Test run for new prison: 55 lawyers are voluntarily imprisoned in Belgium

In Belgium, 55 judges and prosecutors are learning about life behind bars first hand.

Test run for new prison: 55 lawyers are voluntarily imprisoned in Belgium

In Belgium, 55 judges and prosecutors are learning about life behind bars first hand. Before the opening of a new prison, they will be incarcerated there under realistic conditions. But there is one major difference to the future prisoners.

In Belgium, 55 judges and prosecutors volunteered to be imprisoned in order to experience the prison conditions first-hand. They are to be treated there like prisoners until Sunday afternoon, according to the Belgian Minister of Justice, Vincent Van Quickenborne.

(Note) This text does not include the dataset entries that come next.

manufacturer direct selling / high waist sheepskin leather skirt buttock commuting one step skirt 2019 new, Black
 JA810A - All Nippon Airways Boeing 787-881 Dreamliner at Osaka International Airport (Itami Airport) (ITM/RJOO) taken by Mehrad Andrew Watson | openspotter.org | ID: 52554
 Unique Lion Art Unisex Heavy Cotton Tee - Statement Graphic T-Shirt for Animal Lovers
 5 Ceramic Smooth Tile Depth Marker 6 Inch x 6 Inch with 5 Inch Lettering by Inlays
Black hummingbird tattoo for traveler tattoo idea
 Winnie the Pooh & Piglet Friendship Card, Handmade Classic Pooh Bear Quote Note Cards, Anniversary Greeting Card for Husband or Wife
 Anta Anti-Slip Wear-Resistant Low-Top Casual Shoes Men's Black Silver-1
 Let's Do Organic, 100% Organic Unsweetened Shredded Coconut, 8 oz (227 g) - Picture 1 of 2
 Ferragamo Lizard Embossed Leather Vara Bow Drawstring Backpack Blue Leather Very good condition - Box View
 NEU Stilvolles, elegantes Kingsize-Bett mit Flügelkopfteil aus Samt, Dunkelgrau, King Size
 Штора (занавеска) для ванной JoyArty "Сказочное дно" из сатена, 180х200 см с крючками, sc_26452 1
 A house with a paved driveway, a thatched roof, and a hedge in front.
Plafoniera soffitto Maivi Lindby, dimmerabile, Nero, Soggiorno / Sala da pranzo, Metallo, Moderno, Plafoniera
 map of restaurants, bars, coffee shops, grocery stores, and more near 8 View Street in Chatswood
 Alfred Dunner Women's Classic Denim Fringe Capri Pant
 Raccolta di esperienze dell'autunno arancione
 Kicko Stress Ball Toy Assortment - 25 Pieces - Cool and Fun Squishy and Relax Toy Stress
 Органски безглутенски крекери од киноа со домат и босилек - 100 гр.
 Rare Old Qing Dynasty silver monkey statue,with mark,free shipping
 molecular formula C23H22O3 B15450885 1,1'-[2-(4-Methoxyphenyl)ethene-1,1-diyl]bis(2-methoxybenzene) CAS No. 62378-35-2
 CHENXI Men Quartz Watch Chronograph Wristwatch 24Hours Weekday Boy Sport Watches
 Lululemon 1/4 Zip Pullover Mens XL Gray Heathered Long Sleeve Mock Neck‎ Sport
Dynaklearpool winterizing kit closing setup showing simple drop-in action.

The detention should be made as realistic as possible, it said in a statement.

"Of course the judges and prosecutors know how prison works," said Van Quickenborne. However, experiencing this for yourself can help law enforcement officials to impose well-founded sentences.

The experiment is taking place in the town of Haren in the Brussels region, where a new prison for almost 1,200 prisoners is due to open at the end of September. According to Van Quickenborne, the campaign gives prison staff an opportunity to prepare for work at the facility.

The judges and prosecutors volunteered for the experiment, according to the statement. They must obey the prison staff's instructions and are not allowed to use their cell phones. Family visits, on the other hand, may be received as with real prisoners.

The 55 volunteers also have to do kitchen and laundry chores during their stay. The lights go out at 10 p.m., the Ministry of Justice said. Unlike real inmates, however, the volunteers can stop the experiment at any time - for example, if they "have trouble coping with being in prison."